Aubrey Huff

Coming to terms with the loss of Buster Posey

Haven’t been around much lately on the blog or Twitter. I went to a bachelor party on Wednesday that lasted until after 3 am, and in a related story my sister got married on Saturday up in Humboldt County. So I’ve spent most of the last week hanging out with family, driving, eating and drinking — just not all at the same time, thankfully.

During the bachelor party, I stole glances at the Giants score throughout the evening, including at Bourbon and Branch (horrible spot for a bachelor party, since each drink took roughly 34 minutes to make) when I saw the Giants lost 7-6 in the 12th inning. It wasn’t until I opened up my laptop at 10:30 the next morning that I saw Buster Posey’s ankle was put through the wood chipper from Fargo the night before.

I still haven’t seen a replay of the collision.

In my woozy state on Thursday morning, I didn’t think I could handle it. Then I drove for five hours and spent every waking moment with family for about 60 straight hours, hearing about the injury from everyone who’d seen it, and I figured I got the gist. Plus, the whole idea of a rule change seems kind of far-fetched. They can fine or suspend guys who smash into catchers unnecessarily (if the catcher isn’t blocking the plate or the guy getting run over isn’t A.J. Pierzynski), but the real issue is how the loss of Posey for presumably the rest of the season will affect a team with a ridiculously good pitching staff and an embarrassingly bad offense, and to a lesser extent a group of fans that’s in the middle of a pretty impressive sellout streak. For everyone mentioned, Posey’s loss is going to hurt. Not as badly as Posey’s ankle did that night, but the pain’s still palpable.

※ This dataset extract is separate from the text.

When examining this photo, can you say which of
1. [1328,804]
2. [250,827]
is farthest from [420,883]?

Some Arizona Diamondbacks fans are quite fine with the loss of Posey. A little too fine, unless you’re a crass SB Nation “Manager” named Jim McLennan, who wrote a story for AZ Snakepit called “Buster Posey and Schadenfreude.” Okay, I lied about hanging out with family for 60 hours straight. I had to work remotely on Friday for my day job, and in between answering emails I checked out this guy’s jealous rantings and had to comment. Then we went back and forth for a while, before he turned off the comments on that post and deleted several that painted him in a bad light (no hate speech, no profanity, simply logic that made him look like an illogical, barbaric jerk). Sort of like when that John Steigerwald post about how fans can avoid ending up like Bryan Stow if they’d just stop wearing jerseys to games got taken down by whatever rag newspaper in Pittsburgh that printed it in the first place, it’s tough these days to hold strong to a completely ridiculous, vile argument unless a huge media conglomerate has your back.

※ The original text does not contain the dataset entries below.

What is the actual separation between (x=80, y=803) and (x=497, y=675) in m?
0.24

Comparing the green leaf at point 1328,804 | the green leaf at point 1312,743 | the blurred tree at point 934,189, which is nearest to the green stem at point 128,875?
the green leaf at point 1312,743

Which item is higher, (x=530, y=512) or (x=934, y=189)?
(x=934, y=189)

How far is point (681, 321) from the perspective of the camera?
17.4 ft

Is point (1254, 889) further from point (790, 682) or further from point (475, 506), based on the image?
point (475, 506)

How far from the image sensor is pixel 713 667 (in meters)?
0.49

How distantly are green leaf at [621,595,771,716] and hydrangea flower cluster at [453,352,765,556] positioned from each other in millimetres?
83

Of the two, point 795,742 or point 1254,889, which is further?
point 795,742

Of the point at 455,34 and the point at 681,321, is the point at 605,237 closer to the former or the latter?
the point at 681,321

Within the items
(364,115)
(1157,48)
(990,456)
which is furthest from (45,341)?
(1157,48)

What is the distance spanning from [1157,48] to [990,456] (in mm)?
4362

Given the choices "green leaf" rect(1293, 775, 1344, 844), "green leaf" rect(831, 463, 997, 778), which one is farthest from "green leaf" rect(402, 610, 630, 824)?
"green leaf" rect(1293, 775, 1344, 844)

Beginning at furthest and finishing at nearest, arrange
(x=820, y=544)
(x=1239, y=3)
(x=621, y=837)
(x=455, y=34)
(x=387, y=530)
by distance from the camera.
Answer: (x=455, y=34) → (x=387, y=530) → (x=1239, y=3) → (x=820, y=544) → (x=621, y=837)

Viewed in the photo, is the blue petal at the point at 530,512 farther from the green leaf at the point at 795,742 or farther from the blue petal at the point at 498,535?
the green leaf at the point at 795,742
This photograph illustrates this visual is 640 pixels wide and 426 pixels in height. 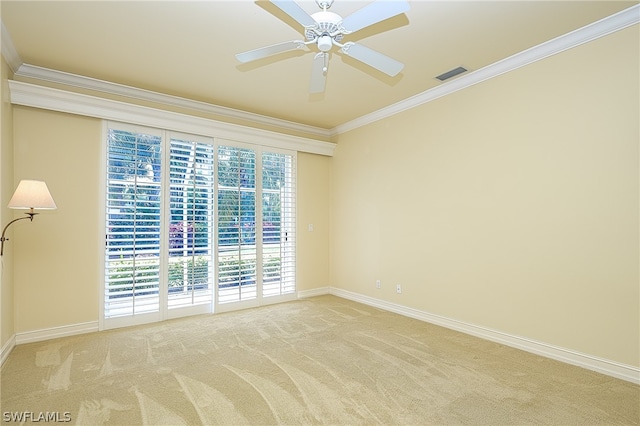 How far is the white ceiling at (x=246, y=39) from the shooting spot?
2529 mm

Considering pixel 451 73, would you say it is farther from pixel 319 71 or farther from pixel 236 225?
pixel 236 225

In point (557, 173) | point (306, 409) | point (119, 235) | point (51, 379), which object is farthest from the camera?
point (119, 235)

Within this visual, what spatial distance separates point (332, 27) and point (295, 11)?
0.90ft

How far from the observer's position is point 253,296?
4785 millimetres

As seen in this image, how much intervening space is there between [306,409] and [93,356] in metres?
2.16

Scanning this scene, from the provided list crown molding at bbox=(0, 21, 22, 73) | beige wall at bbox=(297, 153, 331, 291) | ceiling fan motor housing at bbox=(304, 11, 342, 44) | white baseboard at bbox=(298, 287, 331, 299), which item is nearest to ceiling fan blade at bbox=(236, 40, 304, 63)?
ceiling fan motor housing at bbox=(304, 11, 342, 44)

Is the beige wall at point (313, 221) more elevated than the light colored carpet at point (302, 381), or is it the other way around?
the beige wall at point (313, 221)

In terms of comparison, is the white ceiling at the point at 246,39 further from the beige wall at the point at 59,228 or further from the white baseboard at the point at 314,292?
the white baseboard at the point at 314,292

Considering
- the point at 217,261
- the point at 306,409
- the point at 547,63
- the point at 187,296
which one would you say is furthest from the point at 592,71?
the point at 187,296

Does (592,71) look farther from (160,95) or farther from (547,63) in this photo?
(160,95)

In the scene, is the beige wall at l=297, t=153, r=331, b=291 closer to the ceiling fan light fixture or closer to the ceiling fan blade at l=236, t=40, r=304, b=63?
the ceiling fan blade at l=236, t=40, r=304, b=63

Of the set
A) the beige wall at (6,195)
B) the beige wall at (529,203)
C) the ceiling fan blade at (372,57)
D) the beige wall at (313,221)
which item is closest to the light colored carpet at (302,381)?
the beige wall at (6,195)

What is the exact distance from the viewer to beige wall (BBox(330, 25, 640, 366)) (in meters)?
2.65

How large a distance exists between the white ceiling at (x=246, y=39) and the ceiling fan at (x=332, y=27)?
0.40 meters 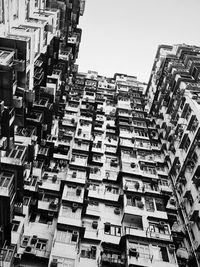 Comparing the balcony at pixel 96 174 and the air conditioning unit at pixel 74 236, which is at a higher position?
the air conditioning unit at pixel 74 236

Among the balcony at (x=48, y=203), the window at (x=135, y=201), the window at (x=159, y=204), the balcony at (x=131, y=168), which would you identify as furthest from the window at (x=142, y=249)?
the balcony at (x=131, y=168)

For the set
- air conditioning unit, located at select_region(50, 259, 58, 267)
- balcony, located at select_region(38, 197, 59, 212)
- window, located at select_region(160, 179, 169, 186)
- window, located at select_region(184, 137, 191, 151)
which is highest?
window, located at select_region(184, 137, 191, 151)

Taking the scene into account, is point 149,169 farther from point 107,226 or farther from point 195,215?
point 107,226

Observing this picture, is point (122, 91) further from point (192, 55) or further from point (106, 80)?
point (192, 55)

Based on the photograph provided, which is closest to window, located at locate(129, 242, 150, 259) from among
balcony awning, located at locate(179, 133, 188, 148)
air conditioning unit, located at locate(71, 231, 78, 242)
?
air conditioning unit, located at locate(71, 231, 78, 242)

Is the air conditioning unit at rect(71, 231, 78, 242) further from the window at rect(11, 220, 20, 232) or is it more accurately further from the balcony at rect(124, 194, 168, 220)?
the balcony at rect(124, 194, 168, 220)

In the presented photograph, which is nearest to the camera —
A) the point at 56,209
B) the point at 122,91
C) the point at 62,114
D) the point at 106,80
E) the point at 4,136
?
the point at 4,136

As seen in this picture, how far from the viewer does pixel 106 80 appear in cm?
5384

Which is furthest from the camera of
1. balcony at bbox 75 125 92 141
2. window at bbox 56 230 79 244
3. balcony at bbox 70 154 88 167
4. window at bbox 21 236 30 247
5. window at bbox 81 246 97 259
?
balcony at bbox 75 125 92 141

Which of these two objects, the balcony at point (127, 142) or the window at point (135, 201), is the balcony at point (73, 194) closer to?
the window at point (135, 201)

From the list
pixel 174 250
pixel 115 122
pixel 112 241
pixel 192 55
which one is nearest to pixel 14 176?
pixel 112 241

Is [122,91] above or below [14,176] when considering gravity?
below

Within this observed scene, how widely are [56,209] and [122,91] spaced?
26.5 m

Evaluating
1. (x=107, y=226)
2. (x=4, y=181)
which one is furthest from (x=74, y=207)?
(x=4, y=181) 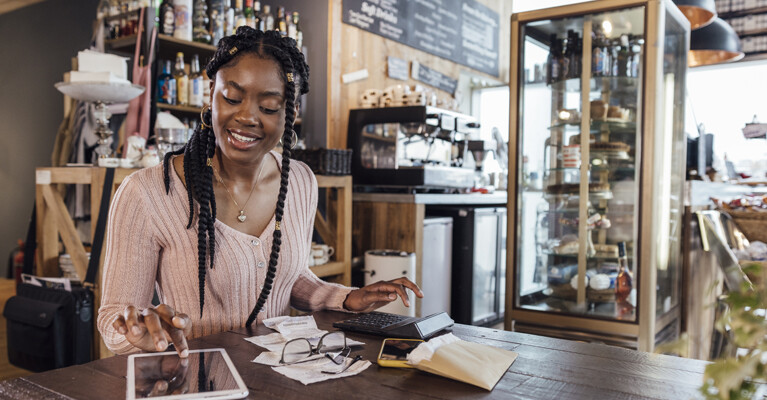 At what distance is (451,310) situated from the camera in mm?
4430

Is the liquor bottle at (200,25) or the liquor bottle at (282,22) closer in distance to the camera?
the liquor bottle at (200,25)

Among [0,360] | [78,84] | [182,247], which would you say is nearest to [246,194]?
[182,247]

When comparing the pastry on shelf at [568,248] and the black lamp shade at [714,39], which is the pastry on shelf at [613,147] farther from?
the black lamp shade at [714,39]

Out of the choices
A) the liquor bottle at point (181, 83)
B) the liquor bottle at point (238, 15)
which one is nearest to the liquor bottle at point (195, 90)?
the liquor bottle at point (181, 83)

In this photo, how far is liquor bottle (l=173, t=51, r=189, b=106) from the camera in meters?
4.07

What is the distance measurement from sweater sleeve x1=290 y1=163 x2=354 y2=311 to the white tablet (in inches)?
20.8

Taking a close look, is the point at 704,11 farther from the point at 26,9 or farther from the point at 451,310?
the point at 26,9

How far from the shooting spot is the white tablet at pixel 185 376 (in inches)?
36.8

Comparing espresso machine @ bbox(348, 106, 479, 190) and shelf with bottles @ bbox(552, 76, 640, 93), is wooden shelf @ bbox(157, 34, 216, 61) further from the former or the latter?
shelf with bottles @ bbox(552, 76, 640, 93)

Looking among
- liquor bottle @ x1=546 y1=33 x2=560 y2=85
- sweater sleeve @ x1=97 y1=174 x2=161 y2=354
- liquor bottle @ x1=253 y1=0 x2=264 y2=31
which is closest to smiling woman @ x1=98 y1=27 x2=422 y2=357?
sweater sleeve @ x1=97 y1=174 x2=161 y2=354

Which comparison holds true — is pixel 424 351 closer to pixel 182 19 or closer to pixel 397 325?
pixel 397 325

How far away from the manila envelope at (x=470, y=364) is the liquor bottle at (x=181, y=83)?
3419mm

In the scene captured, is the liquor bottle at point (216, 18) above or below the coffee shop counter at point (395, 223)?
above

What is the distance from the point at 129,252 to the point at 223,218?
0.25 m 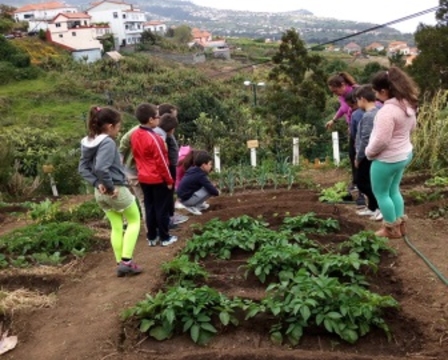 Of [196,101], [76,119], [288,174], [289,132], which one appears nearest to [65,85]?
[76,119]

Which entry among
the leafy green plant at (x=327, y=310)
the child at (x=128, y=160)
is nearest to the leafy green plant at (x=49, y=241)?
the child at (x=128, y=160)

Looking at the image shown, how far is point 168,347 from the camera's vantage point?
363 centimetres

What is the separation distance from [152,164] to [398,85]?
244 cm

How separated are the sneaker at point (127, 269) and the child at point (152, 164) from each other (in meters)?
0.80

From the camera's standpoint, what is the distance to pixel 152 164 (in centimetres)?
546

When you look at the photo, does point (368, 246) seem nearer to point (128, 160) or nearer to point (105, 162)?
point (105, 162)

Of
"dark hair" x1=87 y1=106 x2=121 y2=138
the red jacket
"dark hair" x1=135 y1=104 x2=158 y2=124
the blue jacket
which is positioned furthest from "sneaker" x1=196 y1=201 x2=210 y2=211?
"dark hair" x1=87 y1=106 x2=121 y2=138

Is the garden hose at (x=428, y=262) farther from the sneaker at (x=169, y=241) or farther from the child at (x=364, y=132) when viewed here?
the sneaker at (x=169, y=241)

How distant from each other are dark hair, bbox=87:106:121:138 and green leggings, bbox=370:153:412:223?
2.38 meters

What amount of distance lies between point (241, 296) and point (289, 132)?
1061 cm

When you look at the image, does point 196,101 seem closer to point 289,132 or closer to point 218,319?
point 289,132

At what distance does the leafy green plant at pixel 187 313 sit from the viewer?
11.9 feet

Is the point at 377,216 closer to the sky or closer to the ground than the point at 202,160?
closer to the ground

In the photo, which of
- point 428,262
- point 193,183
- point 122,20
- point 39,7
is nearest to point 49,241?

Anyway, the Giants’ offense is horrible, and even a near power-free Posey was the best hitter on the team before DeMarcus Scott Cousins became a part of Giants lore for all the wrong reasons. Aubrey Huff has been so bad this year I’m beginning to wonder if my earlier optimism was completely misguided. I’m sure Splashing Pumpkins thinks it was.

It doesn’t make sense to harp on the issue and write obvious statements like, “It’s a real shame we won’t get to watch Posey play.” But he was either saddled with an inordinate amount of bad catcher-luck this season or it’s simply too dangerous a position for the Giants’ best hitter. People worried he’d become Mike Matheny and have his brain turn to mush; now they’re worried he’ll turn into Ray Fosse and never fulfill his potential, leading the Giants to feel guilty and allow him to be a mediocre, bitter color analyst after his playing days are over.

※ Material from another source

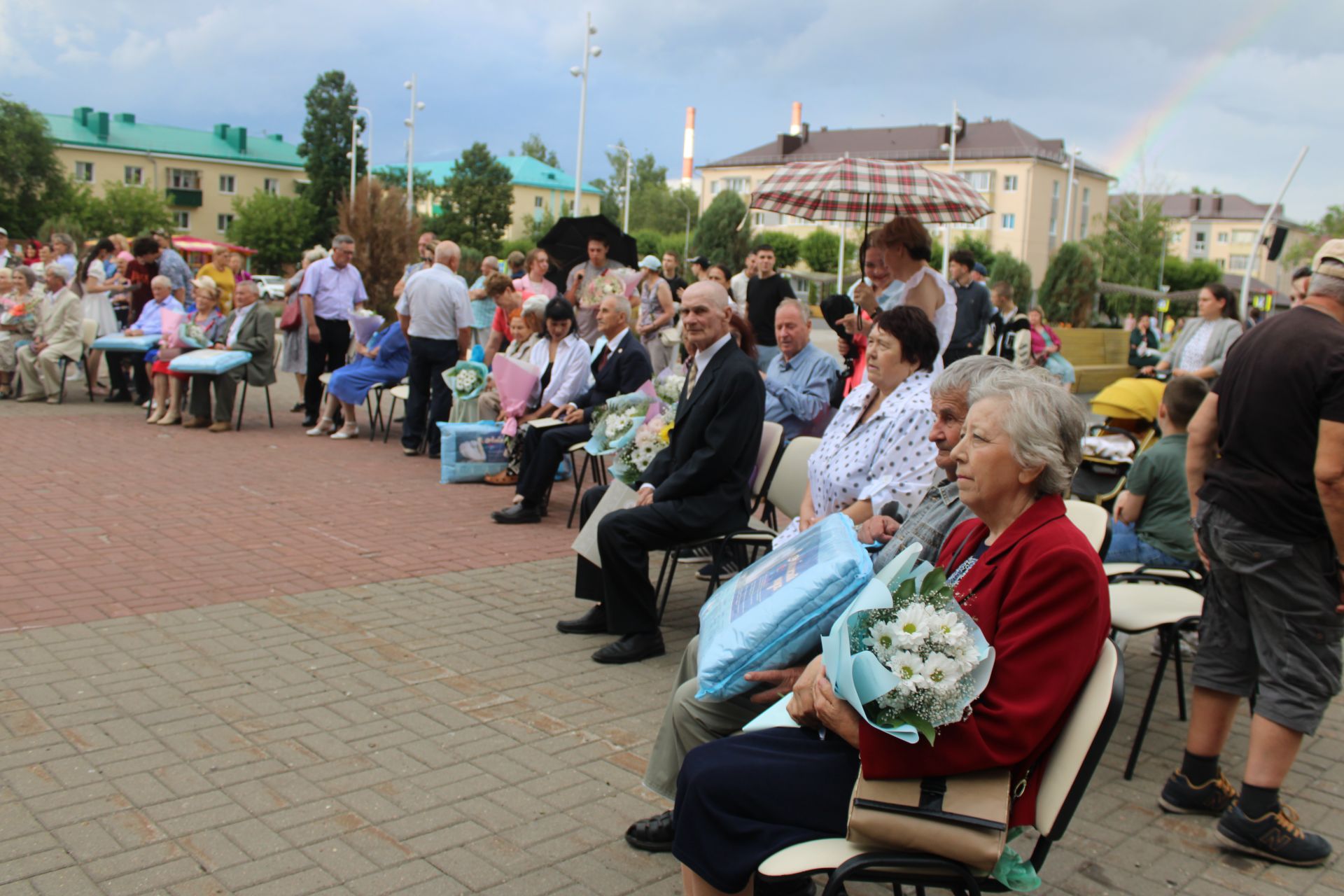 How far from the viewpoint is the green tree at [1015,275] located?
43969mm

There’s a hole on this team, one felt more in the lineup than behind the plate. Posey’s determined to come back and catch, and that’s honorable. And the Giants will probably let him (at least until his first official concussion), because he’s a great catcher. But the toughest thing about this injury — besides the realization that the Giants have a much better chance of not repeating as they do of staging another parade this November — is that everyone from the front office to the fans has been looking forward to watching Posey play for a decade-plus, and in baseball that isn’t guaranteed. It isn’t guaranteed no matter the position, but Posey’s position puts him in the highest danger possible. Now that it’s proven Posey’s human, the same odd combination of feelings one used to have while watching him (anticipation and relaxation) are gone. That’s what Cousins took away from the Giants, and everyone who cares for the Giants more than some unnamed team with consistently heinous uniforms and a pool for their fans to pee in while the games are being played.